We are building a fault tolerant system that can read form Kafka and write HBase & HDFS. The batch runs every 5 seconds. Here's the scenario we were hoping to setup:
Start new spark streaming process with checkpointing enabled, read from kafka, process data and store to HDFS and HBase
Kill the spark streaming job, messages continue to flow into Kafka
Restart spark streaming job, and here is what we really want to happen: Spark streaming reads the checkpoint data and restarts with the correct kafka offsets. No kafka messages are skipped even though the spark streaming job was killed and restarted
This does not seem to work,the spark streaming job does not start(pasting the stack trace of the error below). The only way I can resubmit the job is to delete out the checkpoint directory. This of course means that all the checkpoint information is lost and the spark job starts reading only the new Kafka messages.
Is this supposed to work? and if yes, do I need to do something specific to get it to work?
Here's the sample code:
1) I am on Spark 1.6.2. Here's how I create the streaming context:
val ddqSsc = StreamingContext.getOrCreate(checkpointDir, () =>
createDDQStreamingContext(slideInterval.toLong, inputKafka, outputKafka, hbaseVerTableName, checkpointDir, baseRawHdfs, securityProtocol, groupID, zooKeeper, kafkaBrokers, hiveDBToLoad, hiveTableToLoad))
2) And here's the initial part of the function that the getOrCreate Calls:
def createDDQStreamingContext(slideInterval: Long, inputKafka: String, outputKafka: String, hbaseVerTableName: String, checkpointDir: String, baseRawHdfs: String, securityProtocol: String, groupID: String, zooKeeper: String, kafkaBrokers: String, hiveDBToLoad: String, hiveTableToLoad: String): StreamingContext = {
val sparkConf = new SparkConf()
val ssc = new StreamingContext(sparkConf, Seconds(slideInterval))

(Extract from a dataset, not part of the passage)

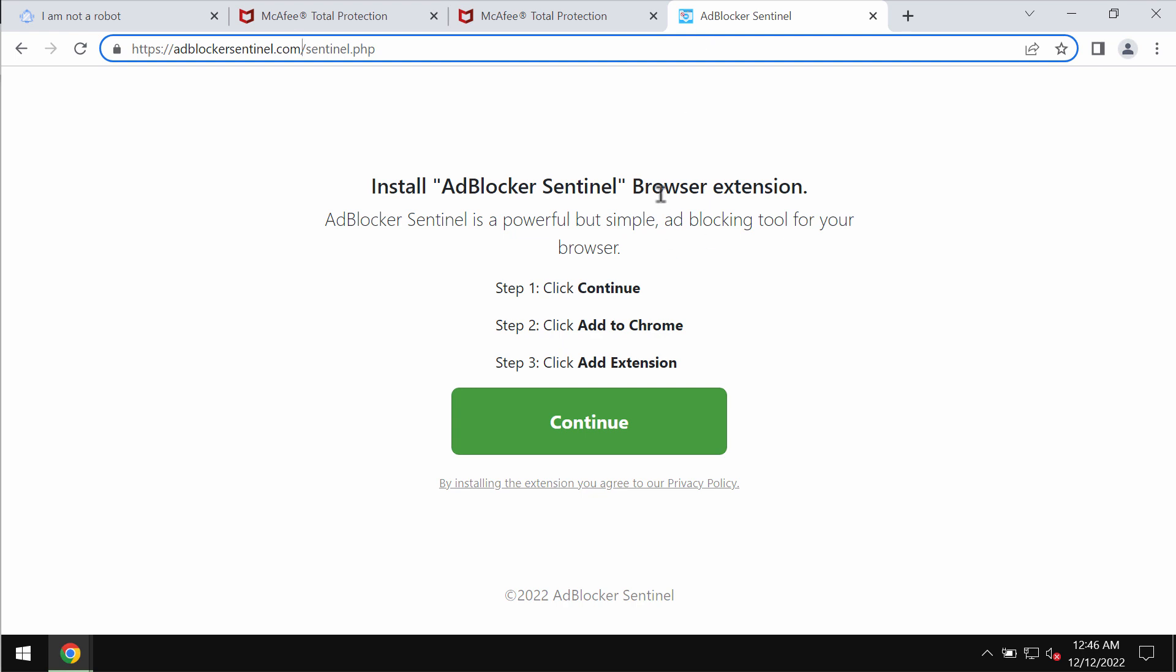Instead of blocking ads, it shows its own advertisements not associated with the sites you visit. If you have found this AdBlocker Sentinel extension as part of your computer, of your Google Chrome, you need to remove it immediately.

//val sqlContext = new SQLContext(sc)
val sqlContext = new HiveContext(ssc.sparkContext)
import sqlContext.implicits._
ssc.checkpoint(checkpointDir)
val kafkaTopics = Set(inputKafka)
//Kafka parameters
var kafkaParams = Map[String, String]()
kafkaParams += ("bootstrap.servers" -> kafkaBrokers)
kafkaParams += ("zookeeper.connect" -> zooKeeper)
//Need this in a kerberos environment
kafkaParams += ("security.protocol" -> securityProtocol)
kafkaParams += ("sasl.kerberos.service.name" -> "kafka")
//WHAT IS THIS!!??
kafkaParams += ("group.id" -> groupID)
kafkaParams += ("key.deserializer" -> "org.apache.kafka.common.serialization.StringDeserializer")
kafkaParams += ("value.deserializer" -> "org.apache.kafka.common.serialization.StringDeserializer")
val inputDataDstream = KafkaUtils.createDirectStream[String, String, StringDecoder, StringDecoder](ssc, kafkaParams, kafkaTopics)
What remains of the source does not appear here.